[Scraped caption text data]
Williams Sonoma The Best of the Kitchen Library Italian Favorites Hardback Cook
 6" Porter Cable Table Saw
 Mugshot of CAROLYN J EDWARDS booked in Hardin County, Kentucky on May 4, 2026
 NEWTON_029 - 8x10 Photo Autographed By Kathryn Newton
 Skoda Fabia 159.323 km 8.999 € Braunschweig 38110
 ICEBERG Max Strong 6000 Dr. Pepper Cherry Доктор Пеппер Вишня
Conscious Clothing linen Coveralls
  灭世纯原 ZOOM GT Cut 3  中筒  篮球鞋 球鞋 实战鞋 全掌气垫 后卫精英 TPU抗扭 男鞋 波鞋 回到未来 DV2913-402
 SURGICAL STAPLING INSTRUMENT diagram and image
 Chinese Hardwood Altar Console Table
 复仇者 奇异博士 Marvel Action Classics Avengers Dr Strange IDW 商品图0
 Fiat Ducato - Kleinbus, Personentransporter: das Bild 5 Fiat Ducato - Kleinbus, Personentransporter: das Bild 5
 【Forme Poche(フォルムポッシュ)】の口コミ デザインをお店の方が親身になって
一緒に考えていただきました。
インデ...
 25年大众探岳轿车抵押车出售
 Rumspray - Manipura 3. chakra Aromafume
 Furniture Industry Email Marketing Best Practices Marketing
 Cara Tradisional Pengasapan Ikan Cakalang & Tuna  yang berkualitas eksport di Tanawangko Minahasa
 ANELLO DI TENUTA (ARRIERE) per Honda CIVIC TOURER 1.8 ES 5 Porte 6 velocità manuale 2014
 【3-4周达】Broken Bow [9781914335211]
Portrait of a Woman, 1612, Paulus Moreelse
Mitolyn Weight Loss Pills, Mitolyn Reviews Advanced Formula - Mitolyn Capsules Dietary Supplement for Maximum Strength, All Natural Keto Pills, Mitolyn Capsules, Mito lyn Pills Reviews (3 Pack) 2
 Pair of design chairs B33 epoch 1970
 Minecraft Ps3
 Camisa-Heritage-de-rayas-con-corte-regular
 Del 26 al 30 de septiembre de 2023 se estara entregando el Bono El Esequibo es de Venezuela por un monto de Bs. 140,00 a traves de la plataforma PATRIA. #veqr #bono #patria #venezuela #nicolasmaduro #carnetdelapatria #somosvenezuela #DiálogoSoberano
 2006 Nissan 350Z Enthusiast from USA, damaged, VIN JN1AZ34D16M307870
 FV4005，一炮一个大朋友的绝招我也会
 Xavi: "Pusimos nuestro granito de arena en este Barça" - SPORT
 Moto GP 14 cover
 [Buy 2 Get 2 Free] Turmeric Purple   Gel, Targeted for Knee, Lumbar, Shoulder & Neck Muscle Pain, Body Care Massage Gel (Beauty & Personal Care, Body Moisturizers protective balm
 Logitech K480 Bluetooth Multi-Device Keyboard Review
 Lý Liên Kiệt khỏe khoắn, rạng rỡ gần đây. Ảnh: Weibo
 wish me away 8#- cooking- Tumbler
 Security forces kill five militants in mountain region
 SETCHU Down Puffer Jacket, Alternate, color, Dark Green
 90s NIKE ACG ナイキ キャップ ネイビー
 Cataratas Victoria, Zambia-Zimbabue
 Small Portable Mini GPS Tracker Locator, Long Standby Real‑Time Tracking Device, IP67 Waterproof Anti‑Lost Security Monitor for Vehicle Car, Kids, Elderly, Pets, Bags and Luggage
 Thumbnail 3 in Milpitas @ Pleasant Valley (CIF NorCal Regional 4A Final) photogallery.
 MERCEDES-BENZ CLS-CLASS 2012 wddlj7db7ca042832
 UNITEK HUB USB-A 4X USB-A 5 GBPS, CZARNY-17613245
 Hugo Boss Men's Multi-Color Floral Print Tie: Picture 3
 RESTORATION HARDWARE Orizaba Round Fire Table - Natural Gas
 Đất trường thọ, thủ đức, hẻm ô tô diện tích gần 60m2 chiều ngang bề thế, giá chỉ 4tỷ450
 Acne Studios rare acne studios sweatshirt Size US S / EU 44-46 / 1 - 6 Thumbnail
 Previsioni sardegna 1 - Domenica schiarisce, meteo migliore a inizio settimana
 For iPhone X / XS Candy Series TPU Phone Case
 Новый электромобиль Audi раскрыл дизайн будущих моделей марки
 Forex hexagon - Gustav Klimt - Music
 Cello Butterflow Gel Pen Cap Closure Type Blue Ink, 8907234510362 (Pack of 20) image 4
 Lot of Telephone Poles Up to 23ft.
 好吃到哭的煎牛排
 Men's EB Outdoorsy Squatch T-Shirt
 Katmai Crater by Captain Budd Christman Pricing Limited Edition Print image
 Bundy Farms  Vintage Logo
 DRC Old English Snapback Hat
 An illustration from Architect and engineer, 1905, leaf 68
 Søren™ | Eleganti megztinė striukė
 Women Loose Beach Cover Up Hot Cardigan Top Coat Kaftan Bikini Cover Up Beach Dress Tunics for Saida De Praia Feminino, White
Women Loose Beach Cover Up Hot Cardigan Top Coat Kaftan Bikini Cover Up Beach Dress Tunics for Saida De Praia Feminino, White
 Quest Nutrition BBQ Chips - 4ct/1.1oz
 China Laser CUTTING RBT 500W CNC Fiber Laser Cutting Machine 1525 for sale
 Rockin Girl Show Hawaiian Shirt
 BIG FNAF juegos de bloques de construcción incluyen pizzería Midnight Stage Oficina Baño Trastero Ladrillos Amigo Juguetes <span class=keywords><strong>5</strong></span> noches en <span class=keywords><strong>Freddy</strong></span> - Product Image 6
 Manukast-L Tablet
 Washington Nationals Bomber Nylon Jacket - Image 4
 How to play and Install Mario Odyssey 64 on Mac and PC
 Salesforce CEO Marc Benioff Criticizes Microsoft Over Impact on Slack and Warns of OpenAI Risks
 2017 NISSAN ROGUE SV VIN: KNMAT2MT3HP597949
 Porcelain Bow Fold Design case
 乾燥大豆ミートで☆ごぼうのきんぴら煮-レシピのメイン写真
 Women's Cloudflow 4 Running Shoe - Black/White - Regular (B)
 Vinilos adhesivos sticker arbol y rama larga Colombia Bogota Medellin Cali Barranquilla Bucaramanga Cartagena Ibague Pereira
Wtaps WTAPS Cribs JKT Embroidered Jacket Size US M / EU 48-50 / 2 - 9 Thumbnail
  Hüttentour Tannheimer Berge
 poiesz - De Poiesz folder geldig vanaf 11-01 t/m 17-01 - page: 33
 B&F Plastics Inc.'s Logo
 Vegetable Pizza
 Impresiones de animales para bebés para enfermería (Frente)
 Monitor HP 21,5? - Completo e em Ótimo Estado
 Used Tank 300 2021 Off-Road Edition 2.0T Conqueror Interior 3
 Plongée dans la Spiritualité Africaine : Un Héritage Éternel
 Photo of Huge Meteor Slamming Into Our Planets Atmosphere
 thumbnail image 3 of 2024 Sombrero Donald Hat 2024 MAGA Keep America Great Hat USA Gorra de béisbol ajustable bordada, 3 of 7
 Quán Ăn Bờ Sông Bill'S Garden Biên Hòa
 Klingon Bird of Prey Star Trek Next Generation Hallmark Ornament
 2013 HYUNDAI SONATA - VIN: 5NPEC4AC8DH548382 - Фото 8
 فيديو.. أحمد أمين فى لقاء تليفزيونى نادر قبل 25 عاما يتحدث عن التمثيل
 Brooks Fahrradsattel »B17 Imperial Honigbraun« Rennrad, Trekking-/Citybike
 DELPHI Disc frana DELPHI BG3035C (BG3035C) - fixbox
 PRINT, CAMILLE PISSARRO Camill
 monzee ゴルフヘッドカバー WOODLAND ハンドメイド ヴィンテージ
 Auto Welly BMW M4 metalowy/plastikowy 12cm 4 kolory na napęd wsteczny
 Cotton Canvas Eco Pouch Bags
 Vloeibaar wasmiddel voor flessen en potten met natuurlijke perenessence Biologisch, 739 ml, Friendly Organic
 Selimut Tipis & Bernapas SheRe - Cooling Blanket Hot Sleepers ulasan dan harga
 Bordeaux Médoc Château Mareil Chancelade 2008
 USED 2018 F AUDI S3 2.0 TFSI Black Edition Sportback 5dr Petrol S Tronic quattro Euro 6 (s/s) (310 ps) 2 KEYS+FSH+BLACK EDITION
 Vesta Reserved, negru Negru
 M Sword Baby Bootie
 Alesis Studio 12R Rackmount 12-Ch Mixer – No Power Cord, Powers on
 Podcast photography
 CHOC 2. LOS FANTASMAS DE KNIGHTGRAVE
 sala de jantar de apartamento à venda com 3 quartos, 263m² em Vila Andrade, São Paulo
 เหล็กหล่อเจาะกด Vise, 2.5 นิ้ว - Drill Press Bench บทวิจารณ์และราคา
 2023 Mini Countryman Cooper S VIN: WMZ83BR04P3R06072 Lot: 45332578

Problem to work on: All that should be written out is the stretch of lines above between the one holding "فيديو.. أحمد أمين" and the one holding "Vloeibaar wasmiddel voor", inclusive, exactly as given.

Your solution:
 فيديو.. أحمد أمين فى لقاء تليفزيونى نادر قبل 25 عاما يتحدث عن التمثيل
 Brooks Fahrradsattel »B17 Imperial Honigbraun« Rennrad, Trekking-/Citybike
 DELPHI Disc frana DELPHI BG3035C (BG3035C) - fixbox
 PRINT, CAMILLE PISSARRO Camill
 monzee ゴルフヘッドカバー WOODLAND ハンドメイド ヴィンテージ
 Auto Welly BMW M4 metalowy/plastikowy 12cm 4 kolory na napęd wsteczny
 Cotton Canvas Eco Pouch Bags
 Vloeibaar wasmiddel voor flessen en potten met natuurlijke perenessence Biologisch, 739 ml, Friendly Organic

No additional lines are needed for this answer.